**Material shown**.
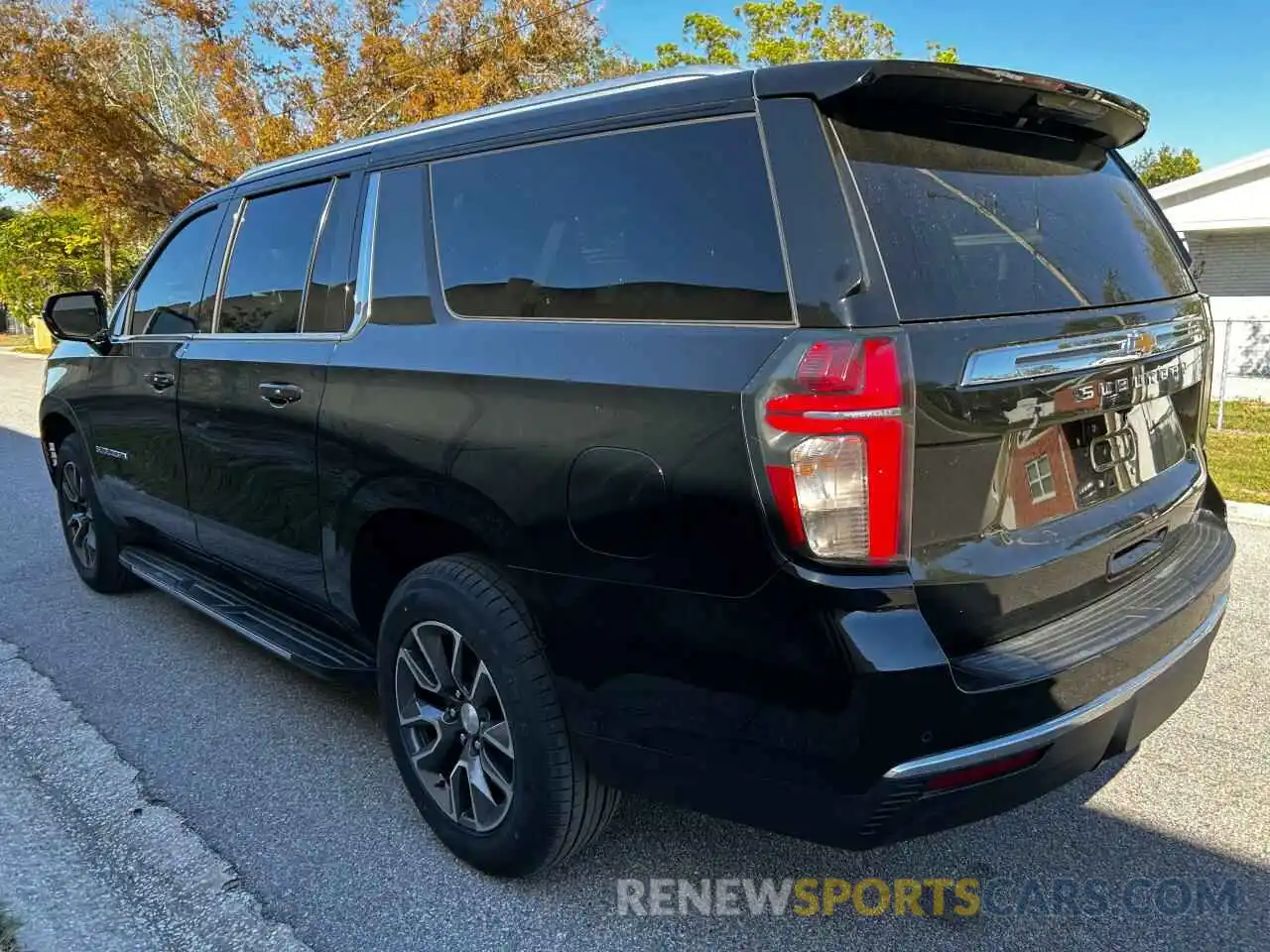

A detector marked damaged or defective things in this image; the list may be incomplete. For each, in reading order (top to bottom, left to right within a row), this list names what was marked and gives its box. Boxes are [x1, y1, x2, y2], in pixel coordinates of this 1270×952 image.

cracked asphalt [0, 351, 1262, 952]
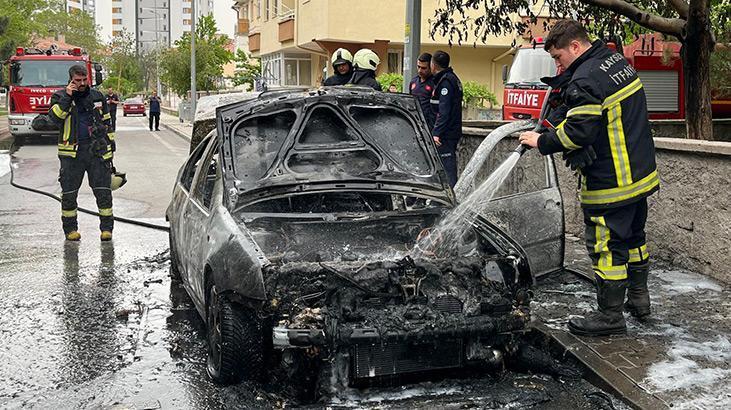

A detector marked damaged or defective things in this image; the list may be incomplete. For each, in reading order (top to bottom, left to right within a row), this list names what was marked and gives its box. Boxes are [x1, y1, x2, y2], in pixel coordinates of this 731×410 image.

damaged hood [216, 87, 452, 207]
burned car [167, 88, 568, 398]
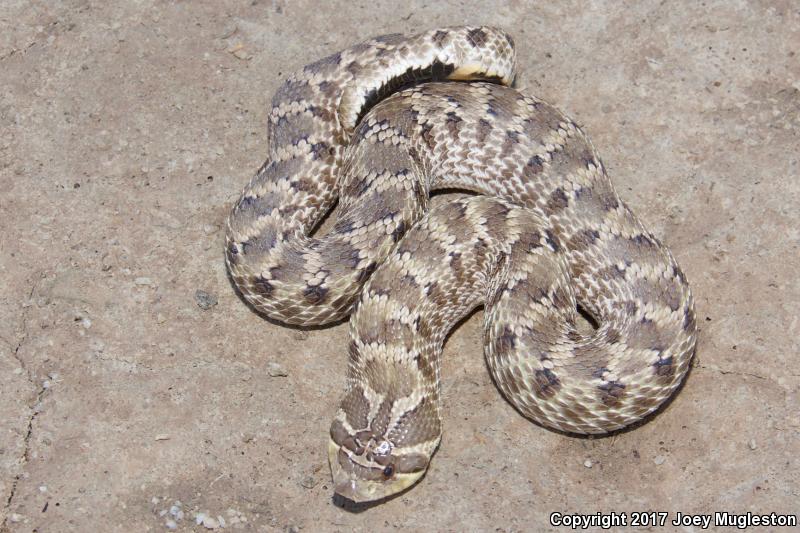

**Your assignment**. Every record is to be reproduced exactly, with no pictures included.

**Answer to this problem**.
A detector marked damaged or defective things in this image; the list may be incomplete. For each, in reading order (top to bottom, left to right within a row), this list names what was marked and gives its box. Boxes are [x1, y1, x2, y2], in pixel coordinates of this 1270×952 image.

cracked asphalt [0, 351, 1262, 952]

A detector marked damaged or defective things in this image; the list may be incomplete. For each, in reading order (top to bottom, left to right within a row), this list names what was marked and gives its box. Boxes are [x1, y1, x2, y2], in pixel coordinates of this 731×410 image.

damaged hood [216, 87, 452, 207]
burned car [167, 88, 568, 398]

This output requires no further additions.